### WHAT TO DO:
Copy out the data below from the line containing "And he made" to the line containing "Let's grab a", both lines included, with all images left out.

*** Opening of EXERCISE MATERIALS ***

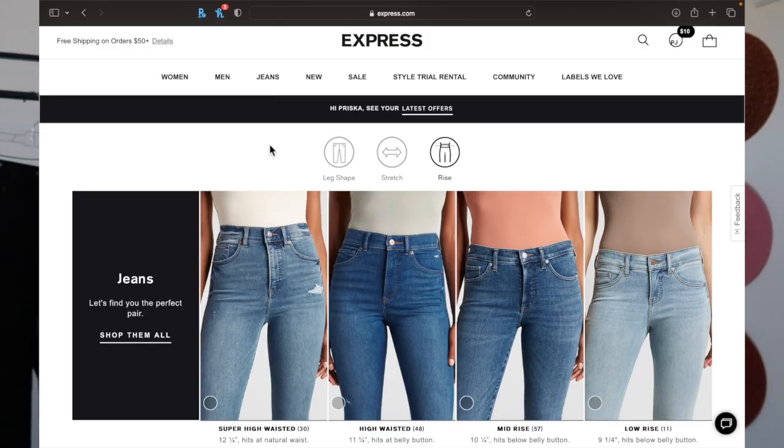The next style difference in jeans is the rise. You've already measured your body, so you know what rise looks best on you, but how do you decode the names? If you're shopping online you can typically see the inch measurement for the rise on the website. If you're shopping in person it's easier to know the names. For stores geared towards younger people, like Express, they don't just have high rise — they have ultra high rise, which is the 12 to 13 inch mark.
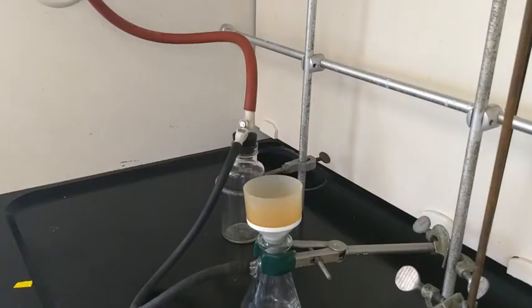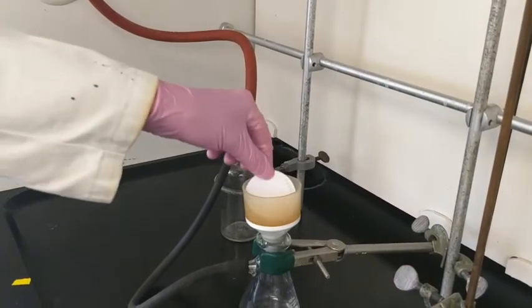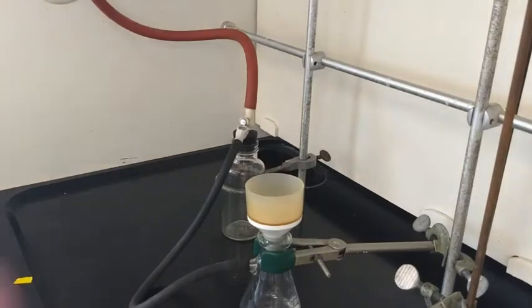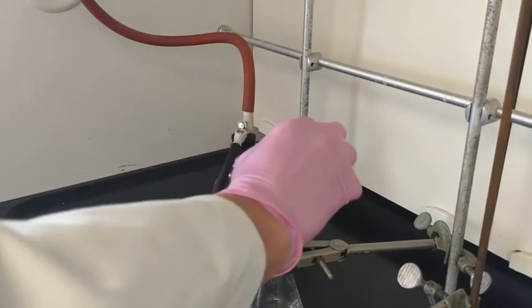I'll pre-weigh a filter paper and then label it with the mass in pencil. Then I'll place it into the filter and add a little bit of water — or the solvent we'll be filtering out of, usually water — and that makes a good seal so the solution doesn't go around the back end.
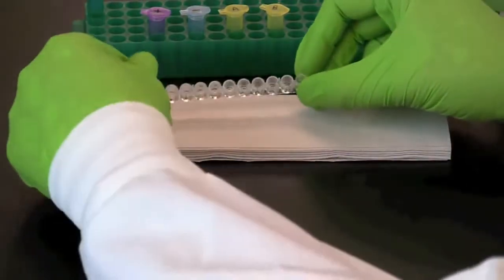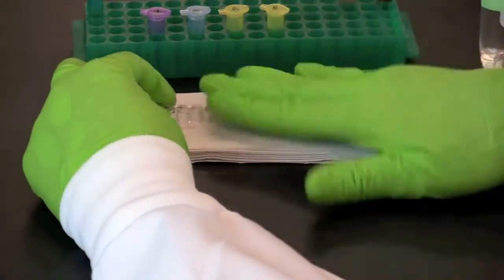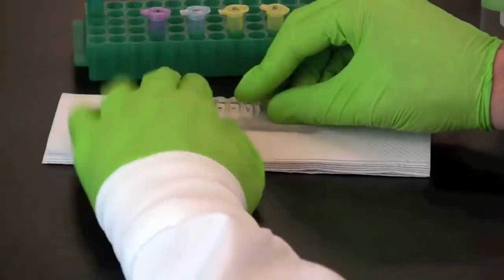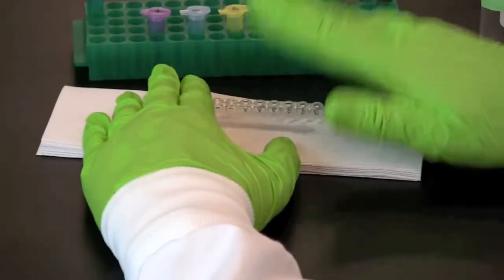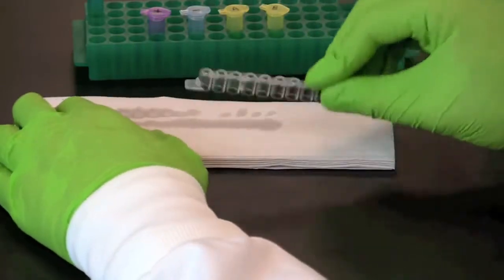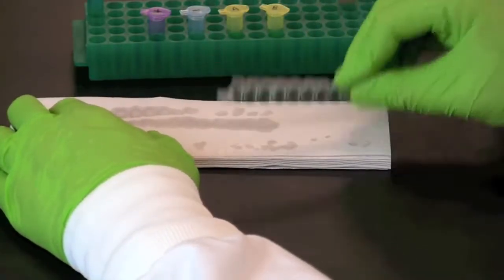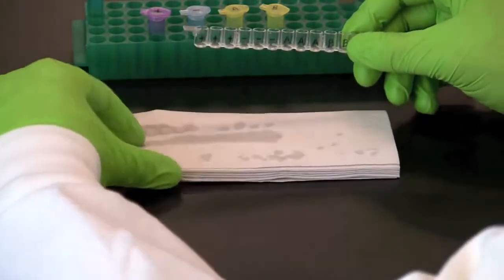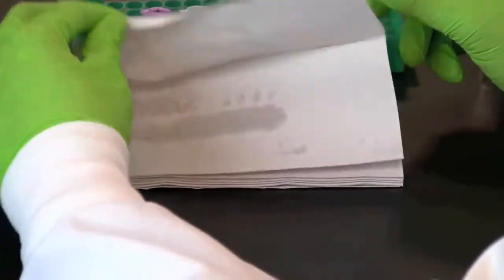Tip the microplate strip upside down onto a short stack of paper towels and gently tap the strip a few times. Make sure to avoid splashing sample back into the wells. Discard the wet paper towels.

*** Close of EXERCISE MATERIALS ***
*** Opening of EXERCISE MATERIALS ***

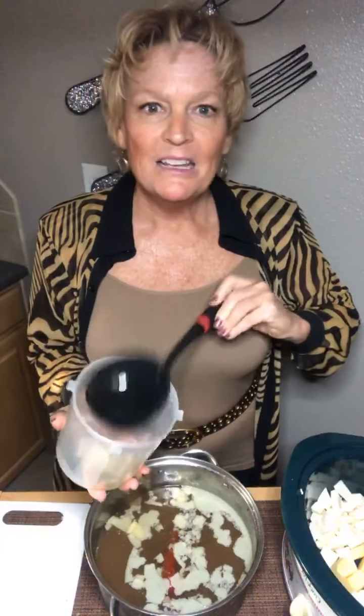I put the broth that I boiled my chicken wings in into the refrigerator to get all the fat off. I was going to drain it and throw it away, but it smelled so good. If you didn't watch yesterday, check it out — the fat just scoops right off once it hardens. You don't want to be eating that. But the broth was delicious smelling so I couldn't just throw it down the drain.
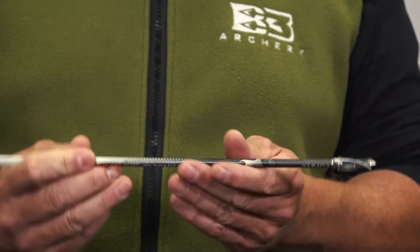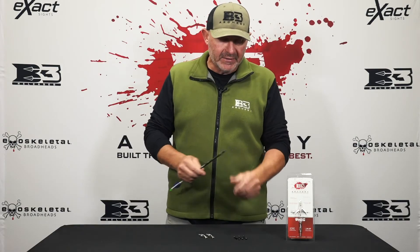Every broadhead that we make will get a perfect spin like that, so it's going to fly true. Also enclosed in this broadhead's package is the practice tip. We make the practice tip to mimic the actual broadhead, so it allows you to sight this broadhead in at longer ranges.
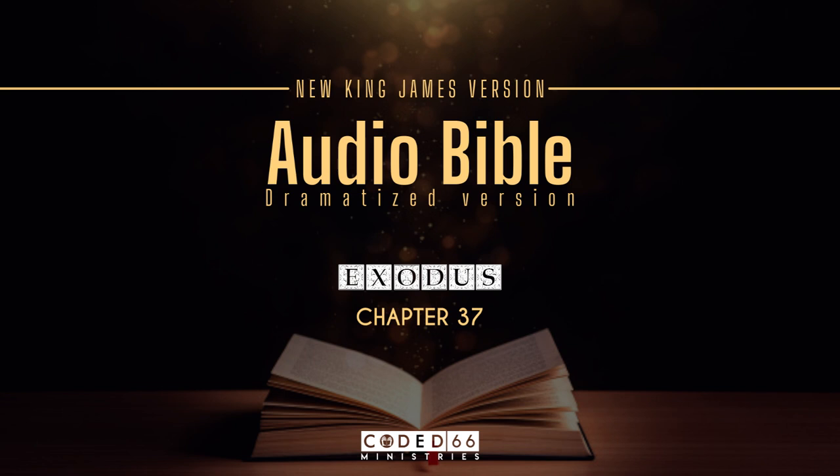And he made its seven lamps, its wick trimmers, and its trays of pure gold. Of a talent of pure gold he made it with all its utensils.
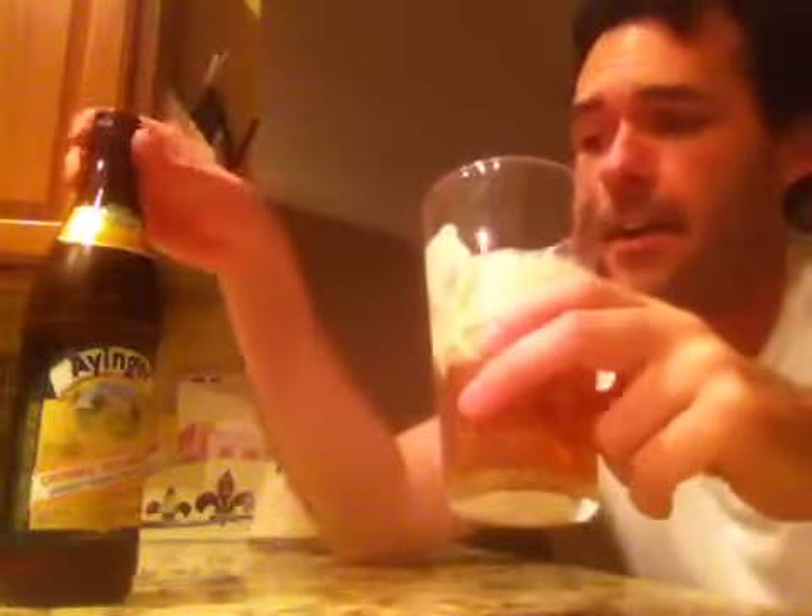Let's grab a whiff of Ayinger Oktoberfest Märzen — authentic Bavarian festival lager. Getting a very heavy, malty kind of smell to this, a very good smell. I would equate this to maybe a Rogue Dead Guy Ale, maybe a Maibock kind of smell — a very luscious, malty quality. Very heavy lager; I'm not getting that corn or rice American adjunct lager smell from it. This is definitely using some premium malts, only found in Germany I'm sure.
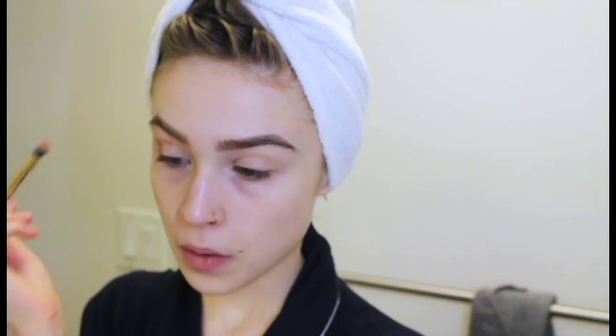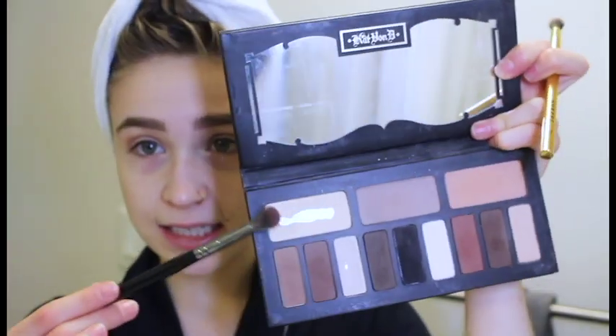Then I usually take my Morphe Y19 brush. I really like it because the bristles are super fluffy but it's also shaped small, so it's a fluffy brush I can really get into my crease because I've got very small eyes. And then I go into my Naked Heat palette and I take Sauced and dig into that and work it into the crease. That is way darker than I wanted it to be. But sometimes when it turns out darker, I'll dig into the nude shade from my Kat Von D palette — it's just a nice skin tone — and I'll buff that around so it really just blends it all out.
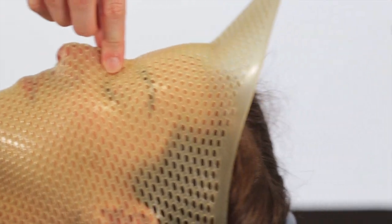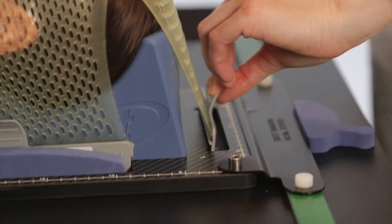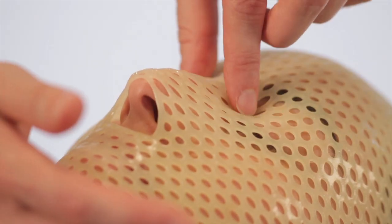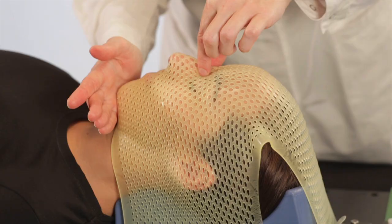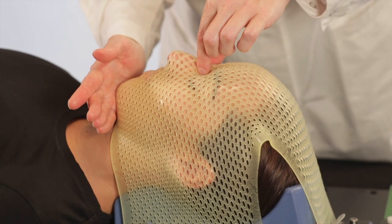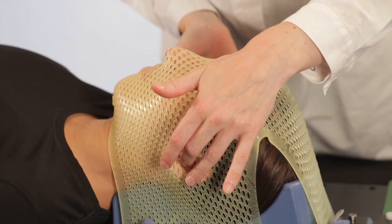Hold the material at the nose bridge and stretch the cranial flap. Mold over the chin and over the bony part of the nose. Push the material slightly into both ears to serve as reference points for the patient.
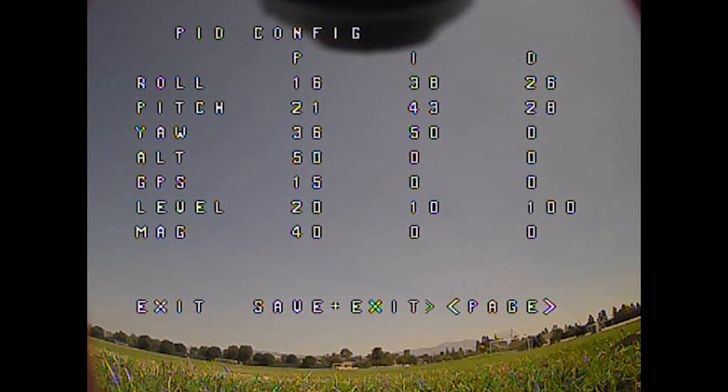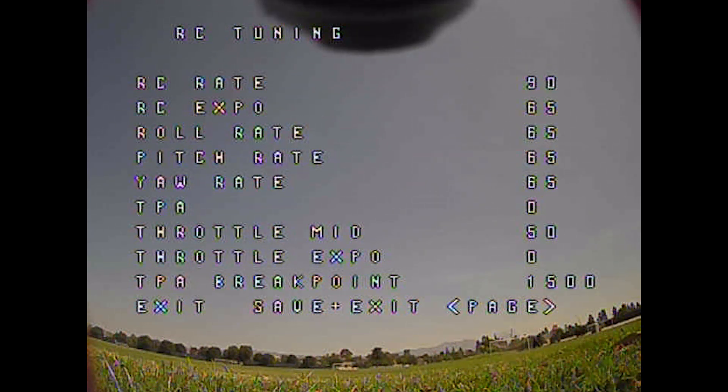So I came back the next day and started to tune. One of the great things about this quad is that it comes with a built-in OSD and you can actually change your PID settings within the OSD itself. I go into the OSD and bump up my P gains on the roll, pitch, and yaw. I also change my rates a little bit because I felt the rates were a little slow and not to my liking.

*** Close of EXERCISE MATERIALS ***

### OUTPUT FOR THIS EXERCISE:
And he made its seven lamps, its wick trimmers, and its trays of pure gold. Of a talent of pure gold he made it with all its utensils.
Let's grab a whiff of Ayinger Oktoberfest Märzen — authentic Bavarian festival lager. Getting a very heavy, malty kind of smell to this, a very good smell. I would equate this to maybe a Rogue Dead Guy Ale, maybe a Maibock kind of smell — a very luscious, malty quality. Very heavy lager; I'm not getting that corn or rice American adjunct lager smell from it. This is definitely using some premium malts, only found in Germany I'm sure.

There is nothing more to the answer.